Avec le financement à l’activité, les établissements doivent attirer des patients (comme si c’était des clients) et obtenir ainsi l’argent qui vient avec. Il n’y pas de profit dans le financement à l’activité mais c’est en reproduisant la logique de la profitabilité qu’on espère rendre les hôpitaux plus efficace. Alors que l’on cherche à améliorer depuis des années la collaboration dans le réseau de la santé, c’est à l’inverse la foi dans la logique de marché qui motive l’introduction du financement à l’activité dans les systèmes de santé.
De fait – correction – le financement à l’activité à la sauce Barrette prévoit bel et bien du profit, dans un premier temps, alors que les médecins qui possèdent les trois cliniques privées choisies pour développer le nouveau mode de budgétisation pourront bénéficier de marges de profit de 10%... ! Non, vraiment, cet homme ne connaît aucune limite.
Rappelle-toi Monique
Il y a tout plein d’effets pervers qui viennent avec l’adoption du financement à l’activité pour des établissements de santé. C’est pourquoi nous avons déjà recommandé d’adopter un principe de précaution à cet effet. En l’absence d’une démonstration scientifique des apports du FPA, le seul choix responsable est de s’abstenir.

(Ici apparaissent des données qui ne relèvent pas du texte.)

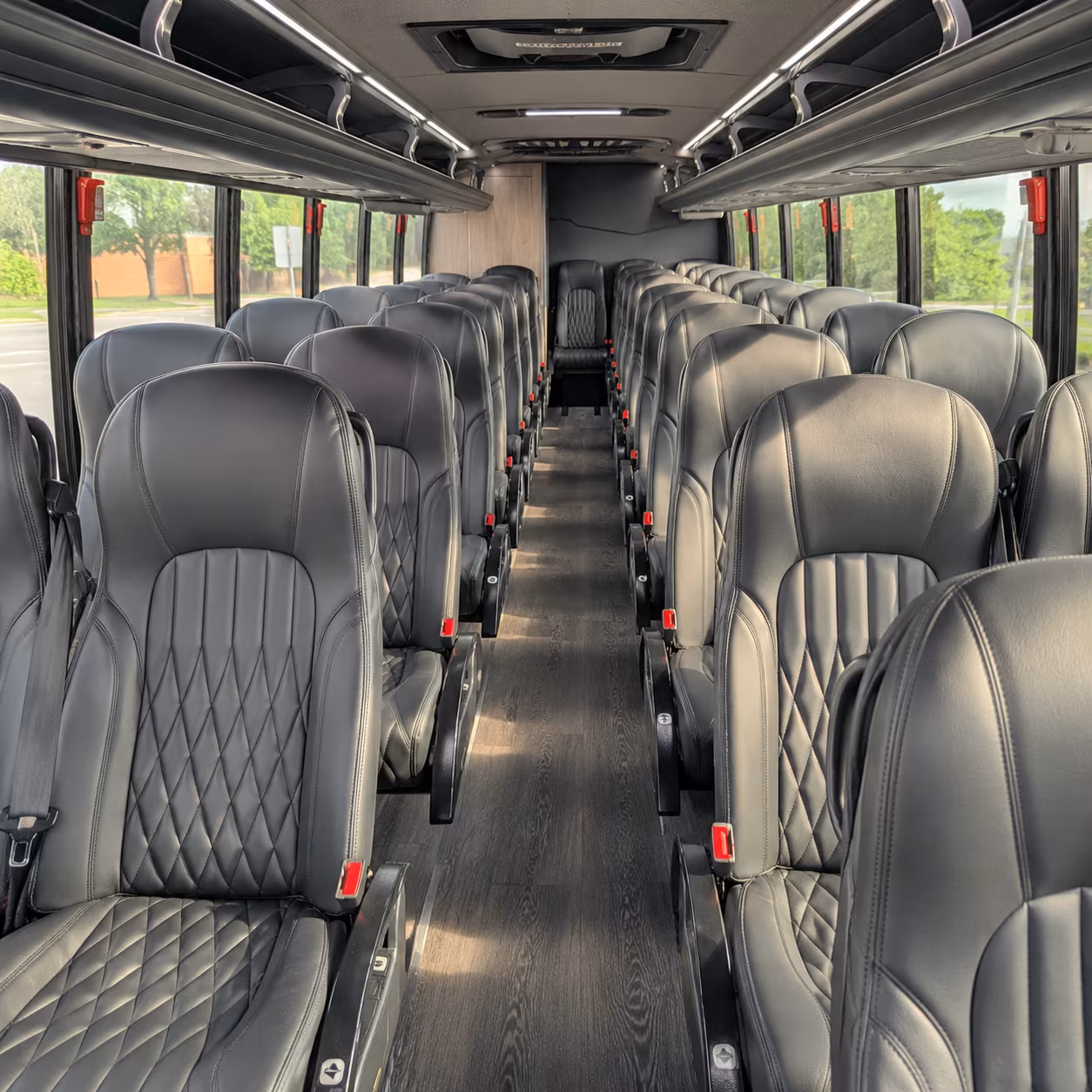 fayetteville 30 passenger minibus interior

Nous aurons largement l’occasion d’y revenir dans les prochaines semaines. Pour cette entrée en matière, terminons avec deux précisions sur la nature des changements proposés :
D’une part, contrairement aux propos de Gaétan Barrette, la concurrence est bel et bien possible dans un réseau public et s’il en doute, il n’a qu’à poser la question à Monique Jérôme-Forget qui a passé six ans dans le gouvernement libéral de Jean Charest, dont trois comme ministre des Finances. Mme Jérôme-Forget, une partisane des « marchés internes », prône depuis belle lurette l’introduction de la concurrence au sein des ministères et organismes de l’État. C’est d’ailleurs elle, alors au Conseil du Trésor, qui a commandé le rapport Castonguay de 2008 qui proposa le premier la mise en place du financement à l’activité au Québec.

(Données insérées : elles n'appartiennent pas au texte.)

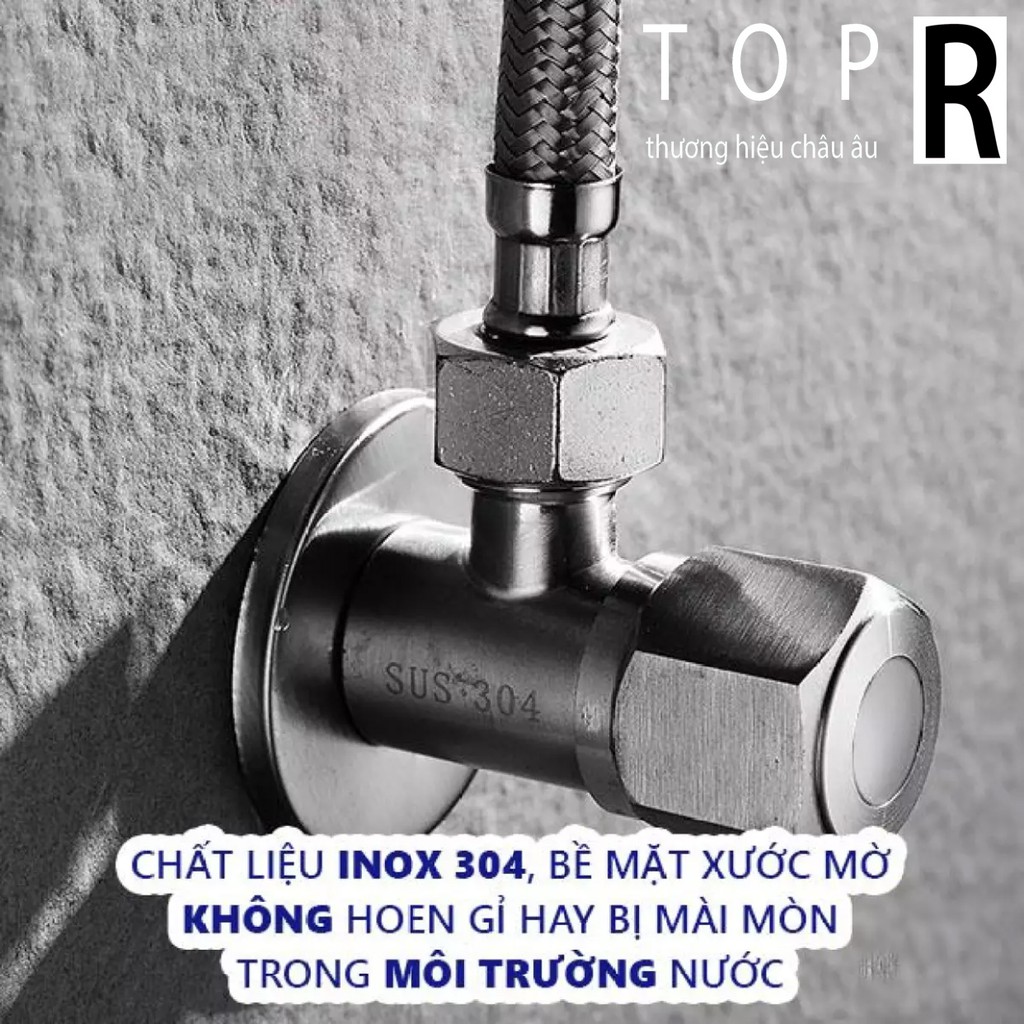 Van giảm áp, van chia nước 1 ngả inox hình chữ T - Van thu đầu dây cấp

D’autre part, la semaine dernière, Francine Pelletier écrivait une chronique fort pertinente sur les transformations du réseau de la santé et des services sociaux au Québec menées par le ministre Barrette. Mais elle a fait une erreur. Les changements en cours ne sont pas une « révolution » mais bien une « contre-révolution ». Ce à quoi Gaétan Barrette sera parvenu s’il complète son tour du chapeau, c’est tuer une fois pour toute l’esprit de la Révolution tranquille au cœur de l’un de ses plus grands héritages, un réseau de santé public et démocratique qui devait être contrôlé localement par les citoyen·ne·s et qui ne sera plus bientôt qu’une espèce de grande entreprise où les divisions se font la compétition entre elles.
Le Dr Gaétan Barrette ressortira-t-il de cette nouvelle offensive avec une couronne de lauriers voire même comme un successeur possible au Dr Philippe Couillard ? Rien n’est moins sûr puisque cette fois, la bouchée sera très grosse.